NEW YORK • Last autumn, Matthew Weiner was walking on Manhattan's Upper East Side when he saw a teenage girl having a tense conversation with a companion near a building under construction.
Weiner, creator of the AMC drama Mad Men (2007-2015), was carrying the notebook he always keeps with him to record snippets of overheard dialogue or a fleeting idea for a scene. He scribbled down a short note about the girl and the unsettling sense he had that she was in some kind of "animal danger".
He was not sure what, if anything, would come of the idea.
"You don't know if an idea is going to be a TV show, a movie, a play, prose, a poem or a stupid note you write in your notebook and forget about," he said. "It was a little story where I was like, I wonder what that is, maybe I'll use it some time."
Over the next nine months or so, the little story grew into a novel - his first. Heather, The Totality was recently acquired by Little, Brown, which plans to publish the novel in autumn next year. Translation rights have sold in 10 countries.
The narrative unfolds from the perspective of multiple characters who are obsessed with a teenage girl named Heather and who aim to control or possess her, including her parents, who compete over her. The story takes place in contemporary Manhattan, as well as Florida and New Jersey.
Judith Clain, vice-president and editor-in-chief of Little, Brown, said it reminded her of Henry James and had an "Edgar Allan Poe feel".
"It's psychologically very chilling, very clever, and you feel while you're reading it that something terrible is going to happen," said Ms Clain, who acquired North American rights to the book at auction.
While the setting and plot bear little resemblance to his television work, the novel shares some thematic threads with both Mad Men and The Sopranos (1999-2007), which Weiner also worked on, particularly in its exploration of moral ambiguity, Ms Clain said.
Weiner, who studied poetry at Wesleyan University, has often cited the literary influences on Mad Men, including works by John Cheever, poet Frank O'Hara and novelist Sherwood Anderson.
Weiner, who has written plays and poetry, said he has experimented with fiction before, but dismissed his earlier efforts as "nothing that I would ever show anybody". Now, with the sale of his debut novel, he is joining a group of screenwriters who moonlight writing fiction.

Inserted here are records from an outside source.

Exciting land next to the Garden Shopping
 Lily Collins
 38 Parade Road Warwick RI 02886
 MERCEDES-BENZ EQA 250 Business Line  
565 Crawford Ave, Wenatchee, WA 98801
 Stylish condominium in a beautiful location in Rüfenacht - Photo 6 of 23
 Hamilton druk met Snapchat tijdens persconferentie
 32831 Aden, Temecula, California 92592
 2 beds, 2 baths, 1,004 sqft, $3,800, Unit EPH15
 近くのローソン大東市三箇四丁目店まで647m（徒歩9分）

Attica Locke, a prolific writer for film and television (Empire), is also a mystery novelist. She signed a two-book deal with Little, Brown's Mulholland imprint earlier this year.
This summer, Alfred A. Knopf bought a short story collection from Raphael Bob-Waksberg, creator and showrunner of the bleak and surreal animated show, Bojack Horseman.
Graham Moore, whose screenplay for The Imitation Game (2014) won an Academy Award last year, recently published a best-selling novel with Random House. Moore is writing the film adaptation of his novel, The Last Days Of Night (2016), about the rivalry between Thomas Edison and George Westinghouse during the dawn of electricity.
Noah Hawley, creator and showrunner of TV show Fargo, wrote one of this summer's best-selling thrillers, Before The Fall (2016), about a private plane that crashes into the Atlantic. The novel, his fifth book, shot up the list, selling 300,000 copies in about three months.
"What's exciting for me is to bring the novelistic mindset to the screen and vice-versa," said Hawley, who recently finished the film adaptation of Before The Fall and is now back to work on episodes of Fargo.
Weiner, in his post-Mad Men period of creative exploration, does not seem eager to jump back into screenwriting just yet. He is working on a play and more fiction, he said.
Still, he is not ruling out a film adaptation of his novel down the road.
"I think it would make a good movie," he said. "But that's not why I wrote it."